**SOURCE MATERIAL**

********************

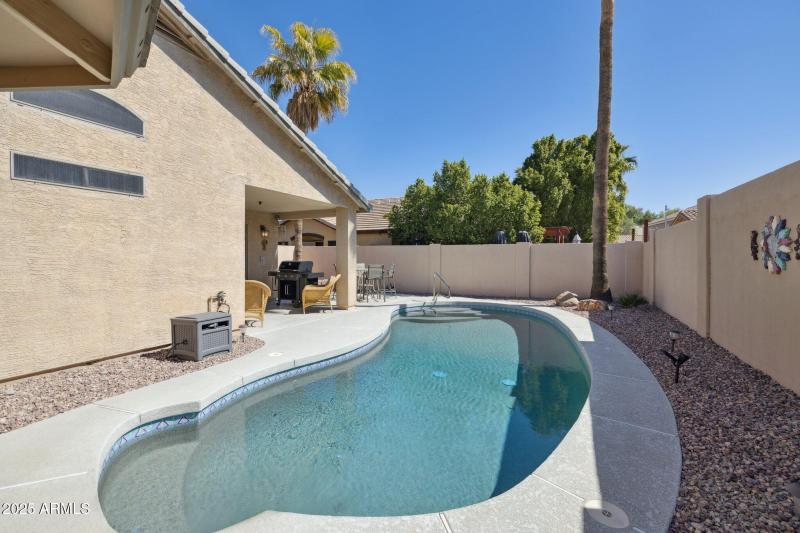 Sleeves for volleyball ,umbrellas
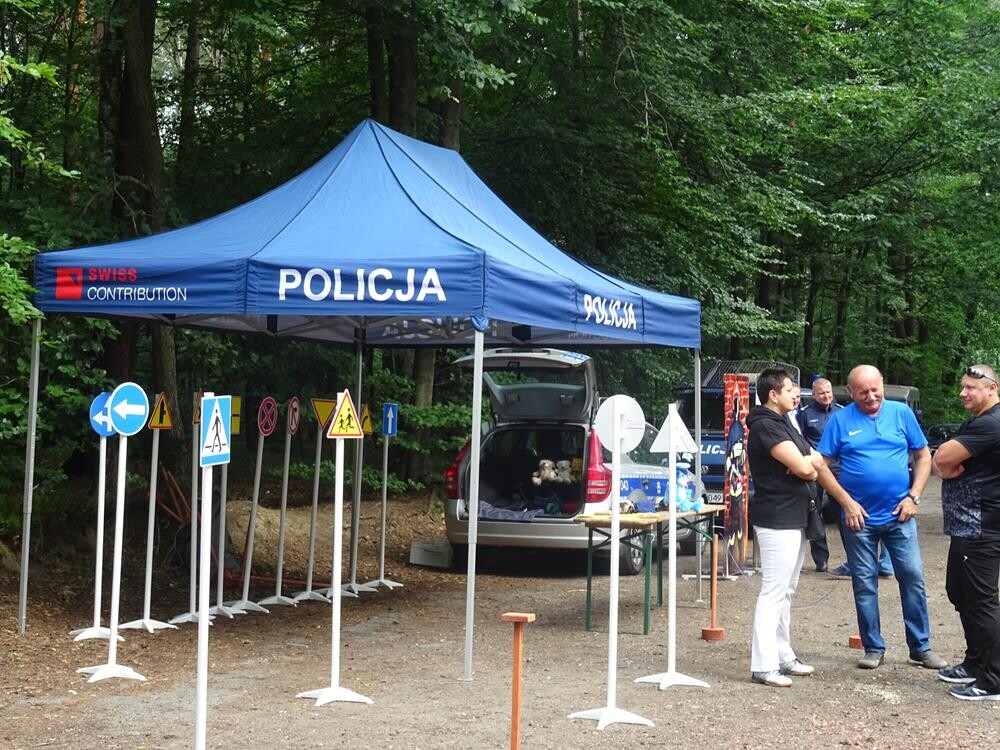 Policjanci świętowali z hukiem w sobotę 14 lipca na terenie leśnej strzelnicy &#8222;Dębina&#8221; gdzie odbyła się impreza dla całych rodzin pod hasłem &#8222;Dzień Policjanta&#8221;. Zobaczcie naszą fotorelację.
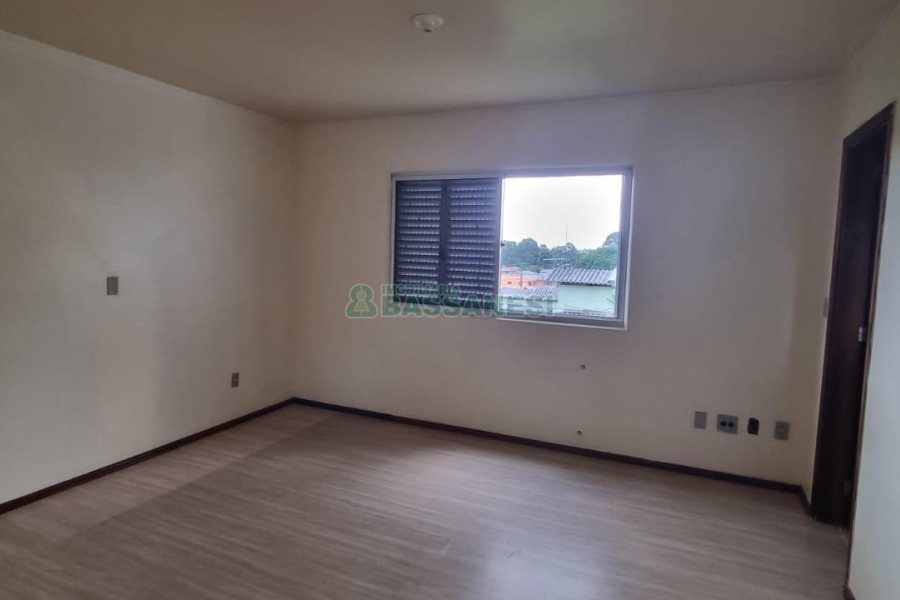 Predio com 893m², no bairro São Ciro em Caxias do Sul para Comprar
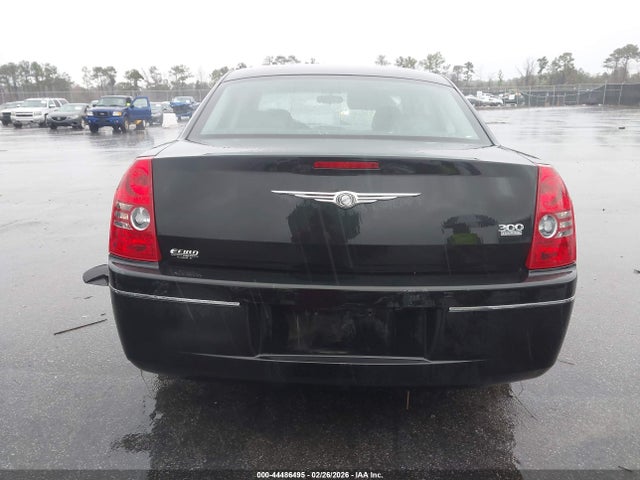 44486495 :رقم المزاد ، 2C3CA4CD5AH123388 vin ، 2010 Chrysler 300 Touring مزاد بيع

********************

**ACTIVITY**
If pictures appear, drop them, and retype exactly the lines from the "Predio com 893m², no" line through the last line of the data above.

**RESULT**
 Predio com 893m², no bairro São Ciro em Caxias do Sul para Comprar
 44486495 :رقم المزاد ، 2C3CA4CD5AH123388 vin ، 2010 Chrysler 300 Touring مزاد بيع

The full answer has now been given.